American basketball team season

The 1928–29 season was the second and final season played by the Philadelphia Sphas while operating in the Philadelphia Basket Ball League, which was a league that the Sphas previously played in a few seasons ago (though it would be their eleventh overall season of play when including seasons played as the Philadelphia YMCA, the Philadelphia Passon, Gottlieb, Black, and the original Philadelphia Warriors franchises (and unofficially, the Philadelphia Quakers / Phillies franchise during their first season in the ABL)). Due to the Philadelphia Sphas returning to one of their previous league roots in a completely restructured Philadelphia Basket Ball League, the Sphas would stop using the original Philadelphia Warriors name to play in the original American Basketball League that was a major, (planned to be) nationwide professional basketball league and returned to the Sphas name they used for most of their history for the newly revived, regional Philadelphia Basket Ball League that had turned into a minor basketball league by comparison. With that being said, game-by-game records are (currently) not available for this season and are therefore likely lost to time in the process.

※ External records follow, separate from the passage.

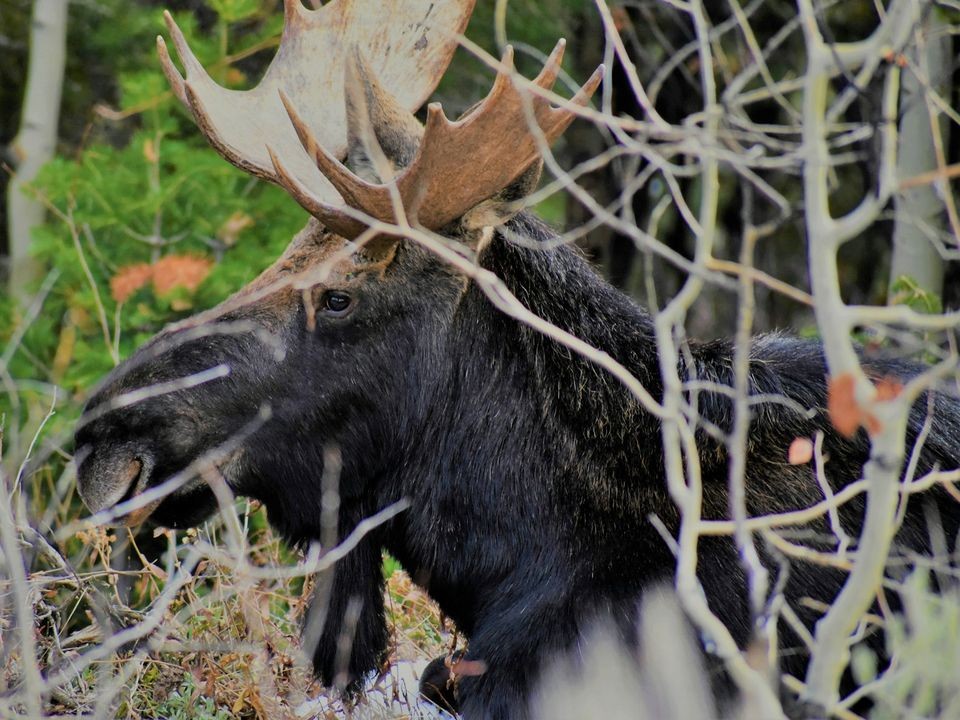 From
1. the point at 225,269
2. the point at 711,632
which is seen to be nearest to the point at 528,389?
the point at 711,632

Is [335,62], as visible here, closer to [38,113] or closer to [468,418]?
[468,418]

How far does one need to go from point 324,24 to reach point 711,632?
3006mm

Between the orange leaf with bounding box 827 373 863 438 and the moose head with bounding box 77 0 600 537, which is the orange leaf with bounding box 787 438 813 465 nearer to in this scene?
the moose head with bounding box 77 0 600 537

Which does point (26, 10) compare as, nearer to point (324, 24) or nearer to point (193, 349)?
point (324, 24)

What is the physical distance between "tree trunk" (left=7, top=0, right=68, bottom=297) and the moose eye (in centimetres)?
452

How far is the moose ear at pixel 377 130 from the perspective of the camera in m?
3.73

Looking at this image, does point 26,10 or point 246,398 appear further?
point 26,10

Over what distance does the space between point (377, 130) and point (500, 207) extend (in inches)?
17.3

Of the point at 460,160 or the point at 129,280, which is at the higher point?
the point at 460,160

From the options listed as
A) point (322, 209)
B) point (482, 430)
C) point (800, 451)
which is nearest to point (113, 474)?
point (322, 209)

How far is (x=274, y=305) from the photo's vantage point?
12.8 feet

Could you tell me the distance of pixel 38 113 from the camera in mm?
8008

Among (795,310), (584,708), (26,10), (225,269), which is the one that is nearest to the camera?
(584,708)

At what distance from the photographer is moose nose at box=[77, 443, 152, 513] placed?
12.1ft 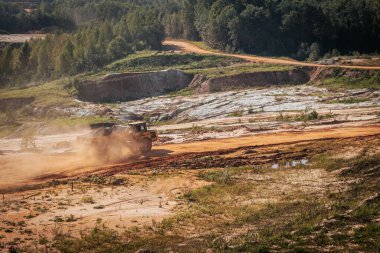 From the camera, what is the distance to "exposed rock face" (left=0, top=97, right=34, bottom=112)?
69.0 m

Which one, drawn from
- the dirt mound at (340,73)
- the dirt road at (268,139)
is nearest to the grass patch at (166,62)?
the dirt mound at (340,73)

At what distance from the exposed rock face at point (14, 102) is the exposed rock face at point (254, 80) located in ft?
78.3

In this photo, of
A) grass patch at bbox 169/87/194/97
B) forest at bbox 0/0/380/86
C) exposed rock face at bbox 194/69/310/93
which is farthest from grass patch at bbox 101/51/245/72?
exposed rock face at bbox 194/69/310/93

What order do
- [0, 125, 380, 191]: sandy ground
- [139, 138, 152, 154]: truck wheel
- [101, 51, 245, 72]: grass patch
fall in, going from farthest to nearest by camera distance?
[101, 51, 245, 72]: grass patch < [139, 138, 152, 154]: truck wheel < [0, 125, 380, 191]: sandy ground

Similar to the Sphas' first season of play in the Philadelphia Basket Ball League and their only season of play in the Eastern League, the Sphas' second and final season in the Philadelphia Basket Ball League would become an absolute mess for the team, to the point where the Sphas ended up having to drop out of the league after a few games played in the first half of the season on December 15, 1928. The first half of that season ended with them having a winless first half through a 0–5 record before dropping out of the league that date entirely for the second half of that season going forward. This would be considered the only season where the Sphas would decide to play independently instead of playing in a basketball league for the majority of their season, hence the Sphas returning to their "Wandering Jews" roots once again this season. (The Philadelphia Basket Ball League would later see some completely different teams joining in the league to replace the Sphas for the second half of this season. Weirdly enough, multiple franchises there in Pattison, Manayunk, and later Germantown did not have official team names for their locations this season, though one can infer them to potentially be team names in Philadelphia instead.) Due to the status of the Philadelphia Basket Ball by this point in time, that league would technically be covered by other sporting outlets this season, but only as a minor basketball league instead of as a major professional basketball league similar to its inaugural season a few seasons prior to this one.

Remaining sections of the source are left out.